Realizing she was in the midst of a youth rebellion and wanting to get an authentic feel for what was happening, Moaveni decided to live like any young Iranian---she delved deep into Tehran's secret underground, she attended parties where young people did drugs, holidayed with them at ski resorts, attended youth movements and so on. What was most disturbing to her were the clandestine house parties that encouraged young men and women to mingle.

As she aptly points out in her book:

"... the codes of the Islamic Republic banned young men and women from interacting casually together, attending soccer matches, stydying at the library or going to the movies together. As a result, when they met at these underground parties and were finally permitted a few hours in each other's company, they scarely knew what to do, or how to behave. They had never developed a sense of what normal behavior between the sexes looked like; not only were they lacking a template, they found the prospect of normality unsatisfying. Instead, they sought to contrast the oppressive morality outside with amplified decadence behind closed doors..."

So in reality, state-sanctioned sexual puritanism unwittingly had eroticised the society, keeping sex as much on people's minds as it was in the rhetoric of religious leaders. But even these very same religious teachers or the Mullahs couldn't help but push their carnal desires to the front. Many of them would resort to Shiite custom called 'signeh', a temporary marriage, very convenient for a man when he wants to sleep with a woman and yet not marry her. A 'signeh' could have a man and a woman married in as little as 15 seconds and the marriage could be annulled as soon as the carnal act was over, sometimes in less than 15 mins.

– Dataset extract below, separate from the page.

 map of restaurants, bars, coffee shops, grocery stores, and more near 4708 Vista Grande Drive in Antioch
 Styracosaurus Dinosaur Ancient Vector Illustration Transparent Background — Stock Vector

So clearly, the Islamic revolution was not acheiving all that it had set out do, if anything, it was turning Iran into a sick, depraved society. People were getting so disillusioned with Islam that many were turning away from Mecca and finding solace in in the Hindu mystic Sai Baba, Yoga, Sufism etc. ( Eastern spirituality, with its internally directed, pacifist sensibility, was the ideal antedote to the militant, invasive brand of Shiite Islam imposed by the regime) This is not how the reformists of the 1979 revolution had meant for the new Iran to be and they too were baffled that their utopian vision had produced an oppressive overly sexualized society. However, because most of the reformists came from an ultra-traditional class that held more conservative social values than the majority of the Iranians, they still refused to see that women's oppression was among the Islamic Republic's central problems.

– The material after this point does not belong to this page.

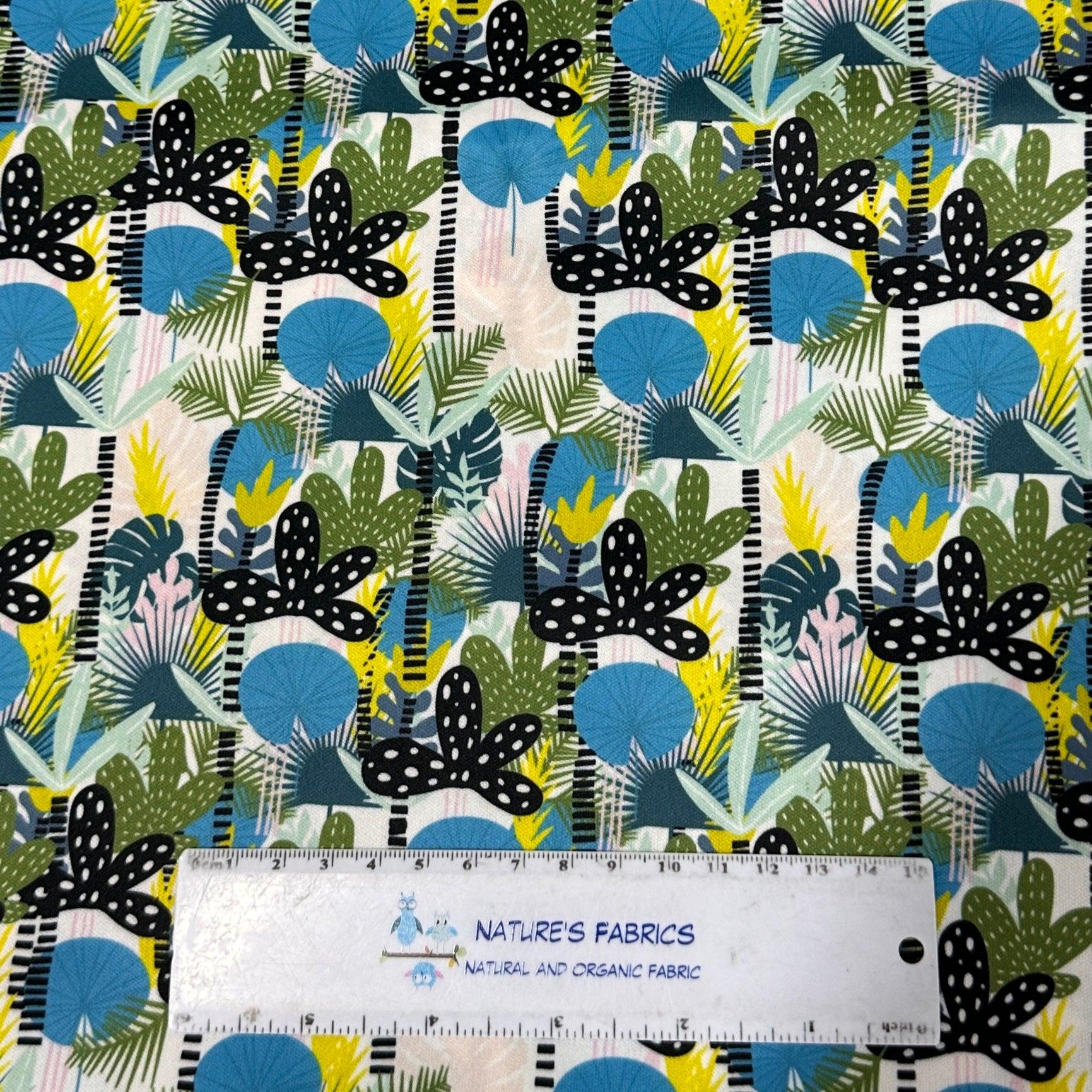 Teal and Green Palms 1 mil PUL Fabric - Made in the USA - Nature's Fabrics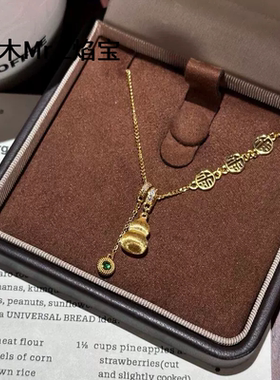 纯银S925新中式丝绒拉丝工艺福禄葫芦项链轻奢精致复古气质锁骨链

"...this was the Achilles heel of their movement, this foolish idea that they could take a Western concept, like democracy, alter it with Islamic attitudes toward women, and expect it to function properly..."

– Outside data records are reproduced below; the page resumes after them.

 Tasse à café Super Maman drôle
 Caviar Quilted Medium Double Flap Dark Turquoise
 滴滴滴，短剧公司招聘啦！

As a journalist, this was a very exciting time for Moaveni to be in Iran, and she effortlessly combines commenting on the political goings-on of the country alongside her own personal journey. She reveals her private struggle to build a life in a country with medieval laws and customs, wholly unlike the sweet, pomegranate-tinted Iran of her imagination. Hers is the struggle of a young woman searching for a homeland that may not exist.

I did enjoy the book and felt like I had learned a lot about the Iranian youth struggle, but then again, since most of the author's sources seem to have come from affluent urban families in Iran, it's hard for the reader to tell if these views are shared by the majority in Iran. Still, it is an authentic view and I am better off for having read it.